We rijden over de Bundesautobahn richting de Oostenrijkse Alpen. De familie Poell, samengepropt in een oranje Volkswagen Kever. Mijn vader zit achter het stuur. Hij zwijgt en rookt halfzware Drum. Mijn moeder knikkebolt en veegt het zweet van haar voorhoofd. Mijn zus en ik ruziën op de achterbank over de vraag wie de meeste beenruimte in beslag neemt. ‘Auw, blijf van me af.’ We blijven steggelen, net zo lang tot mijn vaders arm naar achteren wappert. Het teken dat we ons per direct gedeisd moeten houden. We hebben nog dik zeven uur te gaan. Mijn moeder knikkebolt nog steeds. Ik tel de hectometerpaaltjes. Mijn vader rolt nog maar eens een shaggie.

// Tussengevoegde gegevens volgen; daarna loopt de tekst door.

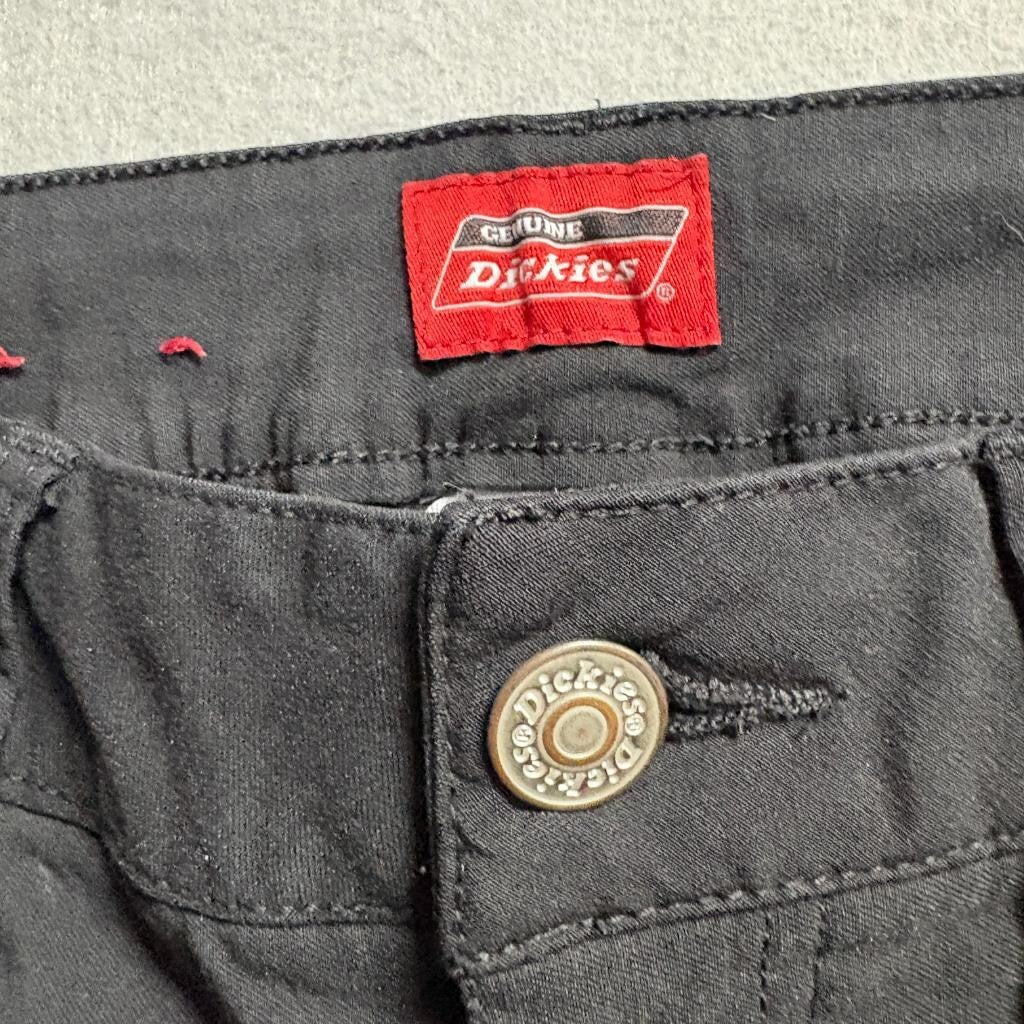 Genuine Dickies Women Black Skinny Stretch Pants Size 11 Work Casual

Voor ons stijgt de hitte op van het asfalt. De zon heeft onze Kever in een rijdende magnetron veranderd. We puffen en we zuchten. Maar omdat we nog nooit van airco hebben gehoord, vragen we ook niet om verkoeling. Mijn vader is streng, maar heeft gelijk. Kalmte is het enige wat ons hier doorheen kan slepen. ‘Hoe lang nog?’ ‘Nog 6 uur en 50 minuten.’ ‘Dat meen je niet. Zijn we pas tien minuten verder?’ Wanneer we stoppen? Nu nog niet. Pa wil nog even doortrekken. Over een uurtje mogen we onze benen even uit de kreukels halen en frisse lucht ademen. En zo halen we, hortend en stotend, onze eindbestemming. In Oostenrijk begint de vakantie. Ik geniet met volle teugen en probeer de gedachte aan de terugreis zo lang mogelijk uit te stellen.
Anno 2017 is de Volkswagen Kever weer terug in het straatbeeld. Als stadsautootje welteverstaan. Met airco. Hip, stoer en schattig. Het zal wel. Als ik er eentje zie rijden, breekt het zweet me uit.